Jen Reston, Chair of the Scottish Volunteering Forum, said: “Our members are reporting that volunteers are leaving their roles due to the cost of living crisis and soaring fuel costs. This is making volunteering unaffordable for people which is not acceptable. It then impacts on the ability to deliver services, meet commitments and support those in need of services.

“No volunteer should be out of pocket for volunteering. Volunteering cannot be an activity that can only be accessible for those who can afford it. This will further exacerbate inequalities in our communities. Volunteering has to be accessible for all and the mileage rate reviewed and increased, to ensure that vital services can continue.”

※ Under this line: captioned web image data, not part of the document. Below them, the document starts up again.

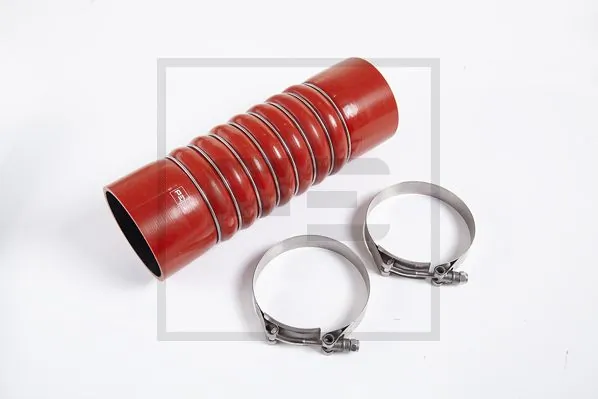 Шланг интеркуллера MAN 81963010900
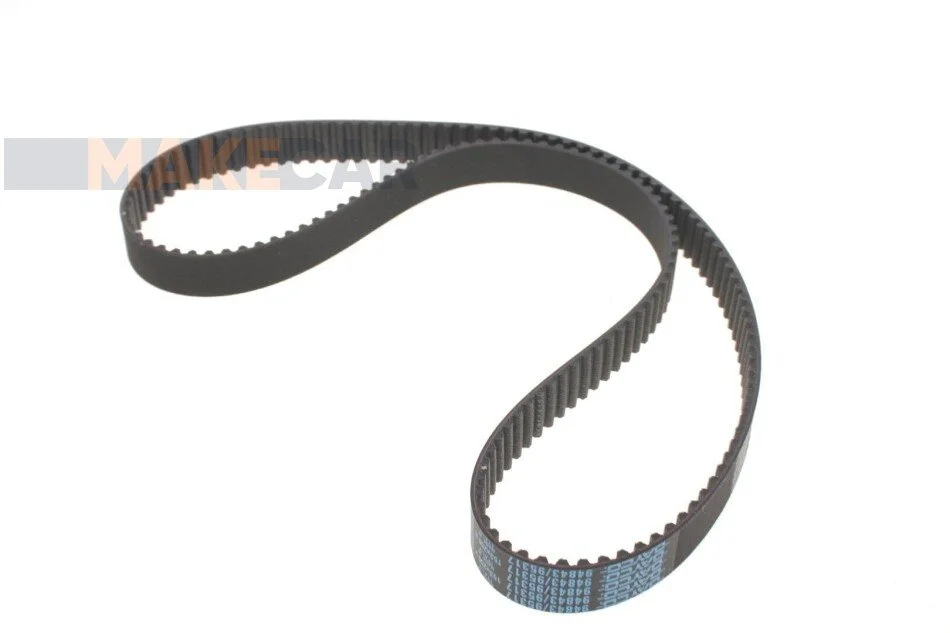 <strong>Ремінь ГРМ Audi A4/A6/VW Passat 1.8T 94-05 DAYCO 94843 (фото 1)</strong>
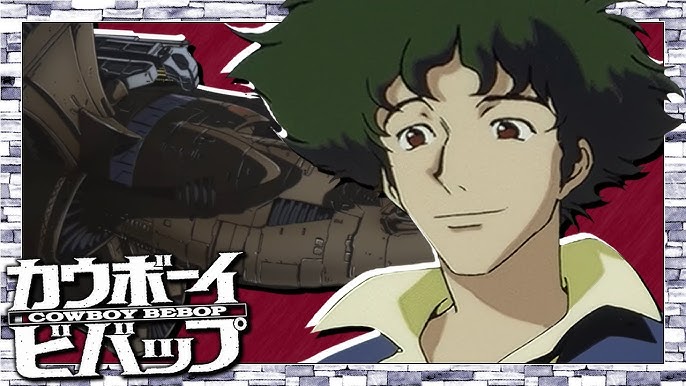 Cowboy Bebop  Funimation divulga dois episódios dublados no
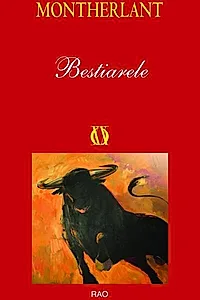 Bestiarele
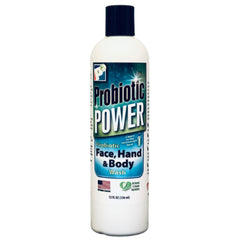 Probiotic Power Body Wash 12 oz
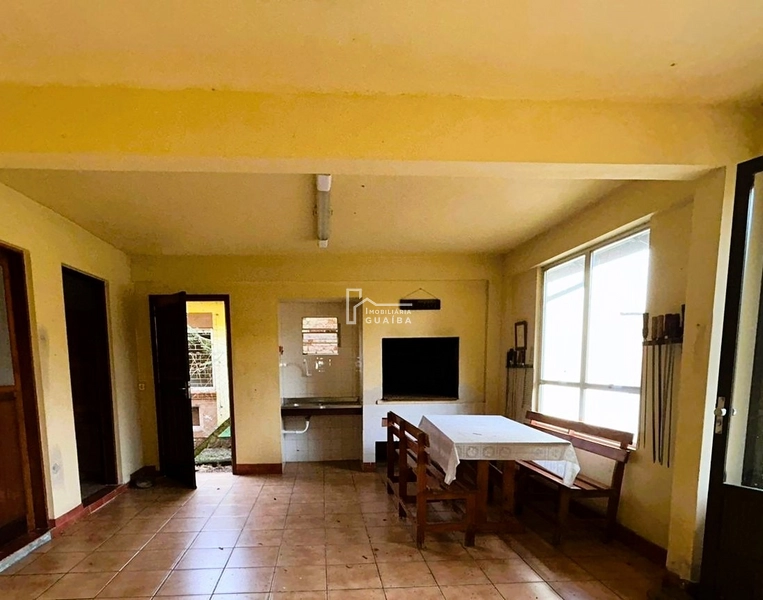 Casa bem localizada | 3 quartos | amplo pátio: 10ª foto da galeria de imagens do imóvel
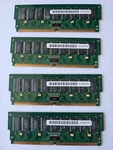 Samsung Edo Ram 168-PIN Dimm Memory Module. $20 Ea Only Left.. Fixed Price $20.00.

Sarah Vibert, CEO for NCVO, said: “Rising petrol costs are making it increasingly difficult for volunteers and charity staff to drive as part of their roles. This is having a negative impact on charities at a time when their support for communities is needed more than ever.

“That’s why we’re calling on the government to review the mileage rate to help with transport costs related to volunteering. This will ensure that charities get the crucial voluntary support they need.

“We also want to see the government working alongside charities to explore ways we can meet these rising costs so their vital work can continue.”

Judith Stone, Assistant Director of Volunteering at WCVA, said: “At a time of great hardship for many, we are deeply concerned seeing outdated AMAP rates creating a barrier to volunteering.

“Volunteer drivers offer their time and skill for free, often creating a lifeline for the most vulnerable, especially in geographically isolated and rural communities. Rising fuel costs should be covered by a revised AMAP rate which ensures volunteers are not out of pocket.”

Alan Stevenson, CEO of Volunteer Scotland, said: “Volunteer Scotland exists to ensure that more people can volunteer; enjoyably, safely and regularly. The cost of living crisis is adding significant financial pressure to individuals across Scotland, and creating unwelcome barriers for people who wish to volunteer.

“12% of formal Scottish volunteers gave help to transport people or things in 2018. This is the equivalent of 140,763 Scottish adults giving 12.5 million hours of help with an economic value of £187.8 million. Increasing the AMAP rate will help ensure that more volunteers are able to continue using their own car to provide vital help in their local communities.”